What to work on — The listing below holds a line with "2023 Nissan Kicks Sr - zdjęcie 3" and a line with "100423 Fall Red". Reproduce those two lines exactly, plus everything between them.

Supplied records —
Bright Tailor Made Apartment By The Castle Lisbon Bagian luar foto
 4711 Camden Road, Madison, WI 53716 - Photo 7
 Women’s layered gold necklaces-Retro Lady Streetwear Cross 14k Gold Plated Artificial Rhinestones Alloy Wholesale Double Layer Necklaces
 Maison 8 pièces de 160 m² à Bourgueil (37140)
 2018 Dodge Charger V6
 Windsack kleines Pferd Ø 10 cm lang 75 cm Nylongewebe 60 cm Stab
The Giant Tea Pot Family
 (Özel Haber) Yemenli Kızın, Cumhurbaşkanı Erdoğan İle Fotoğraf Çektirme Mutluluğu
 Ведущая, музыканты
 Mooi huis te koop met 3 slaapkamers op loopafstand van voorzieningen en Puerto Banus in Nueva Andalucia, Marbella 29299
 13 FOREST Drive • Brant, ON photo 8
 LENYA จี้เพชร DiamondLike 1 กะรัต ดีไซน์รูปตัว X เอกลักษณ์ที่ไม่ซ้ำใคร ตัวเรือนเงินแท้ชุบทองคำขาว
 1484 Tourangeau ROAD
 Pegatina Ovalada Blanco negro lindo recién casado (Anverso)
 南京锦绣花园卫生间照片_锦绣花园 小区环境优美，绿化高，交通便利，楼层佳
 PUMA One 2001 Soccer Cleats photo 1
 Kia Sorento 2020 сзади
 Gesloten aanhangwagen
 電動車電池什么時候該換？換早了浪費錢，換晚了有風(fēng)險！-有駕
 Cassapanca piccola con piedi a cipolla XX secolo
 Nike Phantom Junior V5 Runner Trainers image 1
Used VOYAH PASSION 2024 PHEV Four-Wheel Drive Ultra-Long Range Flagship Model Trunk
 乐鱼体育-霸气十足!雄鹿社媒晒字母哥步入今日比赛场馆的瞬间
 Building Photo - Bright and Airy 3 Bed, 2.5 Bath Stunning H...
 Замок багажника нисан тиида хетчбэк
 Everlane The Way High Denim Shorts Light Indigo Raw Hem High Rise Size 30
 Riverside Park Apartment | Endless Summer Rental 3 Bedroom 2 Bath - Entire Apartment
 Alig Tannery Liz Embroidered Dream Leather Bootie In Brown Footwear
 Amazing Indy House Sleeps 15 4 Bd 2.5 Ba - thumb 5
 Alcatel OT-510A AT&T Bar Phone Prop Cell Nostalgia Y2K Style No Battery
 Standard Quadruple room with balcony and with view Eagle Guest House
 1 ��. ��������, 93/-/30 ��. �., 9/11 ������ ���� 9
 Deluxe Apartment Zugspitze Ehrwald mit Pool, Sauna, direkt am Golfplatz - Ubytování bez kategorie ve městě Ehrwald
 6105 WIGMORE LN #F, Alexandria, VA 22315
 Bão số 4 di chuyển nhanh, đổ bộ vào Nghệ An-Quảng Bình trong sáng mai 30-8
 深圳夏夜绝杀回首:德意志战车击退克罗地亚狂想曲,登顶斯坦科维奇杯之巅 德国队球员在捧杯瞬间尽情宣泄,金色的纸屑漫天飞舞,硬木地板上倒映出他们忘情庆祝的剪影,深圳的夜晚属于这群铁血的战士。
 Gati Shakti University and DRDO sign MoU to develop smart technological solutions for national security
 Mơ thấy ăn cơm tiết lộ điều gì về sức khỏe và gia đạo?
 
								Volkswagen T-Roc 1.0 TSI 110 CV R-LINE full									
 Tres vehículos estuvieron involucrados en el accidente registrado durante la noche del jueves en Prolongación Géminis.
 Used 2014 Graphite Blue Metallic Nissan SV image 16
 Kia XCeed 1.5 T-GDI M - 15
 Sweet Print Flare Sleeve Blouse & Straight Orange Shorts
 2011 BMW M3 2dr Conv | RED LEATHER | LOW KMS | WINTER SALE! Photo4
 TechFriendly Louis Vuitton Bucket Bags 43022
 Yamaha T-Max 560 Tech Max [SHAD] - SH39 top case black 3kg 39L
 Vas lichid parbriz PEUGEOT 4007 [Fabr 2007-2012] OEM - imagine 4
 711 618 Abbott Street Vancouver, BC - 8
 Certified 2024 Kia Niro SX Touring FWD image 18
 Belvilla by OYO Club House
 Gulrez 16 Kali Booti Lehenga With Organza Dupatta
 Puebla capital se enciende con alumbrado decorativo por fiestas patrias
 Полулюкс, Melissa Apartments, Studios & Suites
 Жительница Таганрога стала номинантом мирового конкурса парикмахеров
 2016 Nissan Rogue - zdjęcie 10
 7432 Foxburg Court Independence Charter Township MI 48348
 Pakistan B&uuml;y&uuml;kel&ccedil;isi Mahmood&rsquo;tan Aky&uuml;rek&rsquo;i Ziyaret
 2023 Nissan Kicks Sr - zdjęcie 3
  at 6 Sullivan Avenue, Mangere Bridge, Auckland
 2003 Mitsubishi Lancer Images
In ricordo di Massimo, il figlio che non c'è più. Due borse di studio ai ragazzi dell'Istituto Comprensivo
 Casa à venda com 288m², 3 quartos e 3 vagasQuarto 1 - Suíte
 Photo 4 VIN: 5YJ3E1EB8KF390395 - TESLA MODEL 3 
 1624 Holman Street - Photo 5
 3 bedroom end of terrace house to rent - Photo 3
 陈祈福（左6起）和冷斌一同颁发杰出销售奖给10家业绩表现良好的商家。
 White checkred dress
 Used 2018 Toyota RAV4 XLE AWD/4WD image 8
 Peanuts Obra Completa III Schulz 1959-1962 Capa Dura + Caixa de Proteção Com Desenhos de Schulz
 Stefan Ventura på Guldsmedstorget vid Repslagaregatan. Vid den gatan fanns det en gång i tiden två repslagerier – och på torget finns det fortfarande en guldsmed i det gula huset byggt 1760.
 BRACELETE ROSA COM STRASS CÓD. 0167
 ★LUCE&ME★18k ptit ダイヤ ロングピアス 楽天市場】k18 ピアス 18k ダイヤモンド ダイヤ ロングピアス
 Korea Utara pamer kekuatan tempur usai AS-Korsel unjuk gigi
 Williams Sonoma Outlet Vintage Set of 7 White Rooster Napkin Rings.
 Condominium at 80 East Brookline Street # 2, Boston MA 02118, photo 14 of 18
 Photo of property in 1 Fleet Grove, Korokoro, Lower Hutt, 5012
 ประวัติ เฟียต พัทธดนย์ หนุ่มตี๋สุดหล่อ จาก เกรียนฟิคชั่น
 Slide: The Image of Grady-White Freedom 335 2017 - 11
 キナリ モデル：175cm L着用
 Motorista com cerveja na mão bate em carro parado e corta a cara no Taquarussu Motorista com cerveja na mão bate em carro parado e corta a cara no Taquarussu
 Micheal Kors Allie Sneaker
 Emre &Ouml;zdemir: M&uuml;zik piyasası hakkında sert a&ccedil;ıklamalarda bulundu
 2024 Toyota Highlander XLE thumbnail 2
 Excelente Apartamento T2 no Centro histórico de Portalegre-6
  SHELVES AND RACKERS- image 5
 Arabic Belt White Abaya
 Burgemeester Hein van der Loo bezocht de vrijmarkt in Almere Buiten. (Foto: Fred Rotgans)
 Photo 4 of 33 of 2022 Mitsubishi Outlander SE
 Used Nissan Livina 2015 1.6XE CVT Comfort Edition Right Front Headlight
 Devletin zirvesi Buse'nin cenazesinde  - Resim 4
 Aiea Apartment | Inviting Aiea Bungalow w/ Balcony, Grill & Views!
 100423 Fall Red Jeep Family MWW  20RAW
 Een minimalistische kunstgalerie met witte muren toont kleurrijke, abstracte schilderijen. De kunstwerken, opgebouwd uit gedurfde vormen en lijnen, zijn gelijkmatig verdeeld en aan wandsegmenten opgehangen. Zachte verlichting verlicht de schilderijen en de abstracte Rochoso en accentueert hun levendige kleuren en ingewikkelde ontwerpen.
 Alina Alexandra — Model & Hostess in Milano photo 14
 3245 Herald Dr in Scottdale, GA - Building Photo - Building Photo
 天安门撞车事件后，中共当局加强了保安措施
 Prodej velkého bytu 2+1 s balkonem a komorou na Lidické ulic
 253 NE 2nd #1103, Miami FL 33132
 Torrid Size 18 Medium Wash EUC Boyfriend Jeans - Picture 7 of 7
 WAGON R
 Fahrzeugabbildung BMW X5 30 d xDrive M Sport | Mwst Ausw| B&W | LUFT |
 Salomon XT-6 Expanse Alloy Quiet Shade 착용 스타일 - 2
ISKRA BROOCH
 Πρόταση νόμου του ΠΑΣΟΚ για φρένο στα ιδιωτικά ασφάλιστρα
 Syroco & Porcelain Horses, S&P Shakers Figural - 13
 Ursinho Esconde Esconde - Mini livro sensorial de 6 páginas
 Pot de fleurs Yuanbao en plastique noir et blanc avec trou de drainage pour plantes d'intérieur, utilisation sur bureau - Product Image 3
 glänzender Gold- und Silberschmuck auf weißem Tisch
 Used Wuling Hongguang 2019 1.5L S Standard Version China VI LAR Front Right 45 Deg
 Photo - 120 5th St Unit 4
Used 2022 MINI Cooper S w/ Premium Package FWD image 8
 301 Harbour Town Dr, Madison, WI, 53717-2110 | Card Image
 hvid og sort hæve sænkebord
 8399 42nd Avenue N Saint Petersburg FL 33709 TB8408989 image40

Exercise answer —
 2023 Nissan Kicks Sr - zdjęcie 3
  at 6 Sullivan Avenue, Mangere Bridge, Auckland
 2003 Mitsubishi Lancer Images
In ricordo di Massimo, il figlio che non c'è più. Due borse di studio ai ragazzi dell'Istituto Comprensivo
 Casa à venda com 288m², 3 quartos e 3 vagasQuarto 1 - Suíte
 Photo 4 VIN: 5YJ3E1EB8KF390395 - TESLA MODEL 3 
 1624 Holman Street - Photo 5
 3 bedroom end of terrace house to rent - Photo 3
 陈祈福（左6起）和冷斌一同颁发杰出销售奖给10家业绩表现良好的商家。
 White checkred dress
 Used 2018 Toyota RAV4 XLE AWD/4WD image 8
 Peanuts Obra Completa III Schulz 1959-1962 Capa Dura + Caixa de Proteção Com Desenhos de Schulz
 Stefan Ventura på Guldsmedstorget vid Repslagaregatan. Vid den gatan fanns det en gång i tiden två repslagerier – och på torget finns det fortfarande en guldsmed i det gula huset byggt 1760.
 BRACELETE ROSA COM STRASS CÓD. 0167
 ★LUCE&ME★18k ptit ダイヤ ロングピアス 楽天市場】k18 ピアス 18k ダイヤモンド ダイヤ ロングピアス
 Korea Utara pamer kekuatan tempur usai AS-Korsel unjuk gigi
 Williams Sonoma Outlet Vintage Set of 7 White Rooster Napkin Rings.
 Condominium at 80 East Brookline Street # 2, Boston MA 02118, photo 14 of 18
 Photo of property in 1 Fleet Grove, Korokoro, Lower Hutt, 5012
 ประวัติ เฟียต พัทธดนย์ หนุ่มตี๋สุดหล่อ จาก เกรียนฟิคชั่น
 Slide: The Image of Grady-White Freedom 335 2017 - 11
 キナリ モデル：175cm L着用
 Motorista com cerveja na mão bate em carro parado e corta a cara no Taquarussu Motorista com cerveja na mão bate em carro parado e corta a cara no Taquarussu
 Micheal Kors Allie Sneaker
 Emre &Ouml;zdemir: M&uuml;zik piyasası hakkında sert a&ccedil;ıklamalarda bulundu
 2024 Toyota Highlander XLE thumbnail 2
 Excelente Apartamento T2 no Centro histórico de Portalegre-6
  SHELVES AND RACKERS- image 5
 Arabic Belt White Abaya
 Burgemeester Hein van der Loo bezocht de vrijmarkt in Almere Buiten. (Foto: Fred Rotgans)
 Photo 4 of 33 of 2022 Mitsubishi Outlander SE
 Used Nissan Livina 2015 1.6XE CVT Comfort Edition Right Front Headlight
 Devletin zirvesi Buse'nin cenazesinde  - Resim 4
 Aiea Apartment | Inviting Aiea Bungalow w/ Balcony, Grill & Views!
 100423 Fall Red Jeep Family MWW  20RAW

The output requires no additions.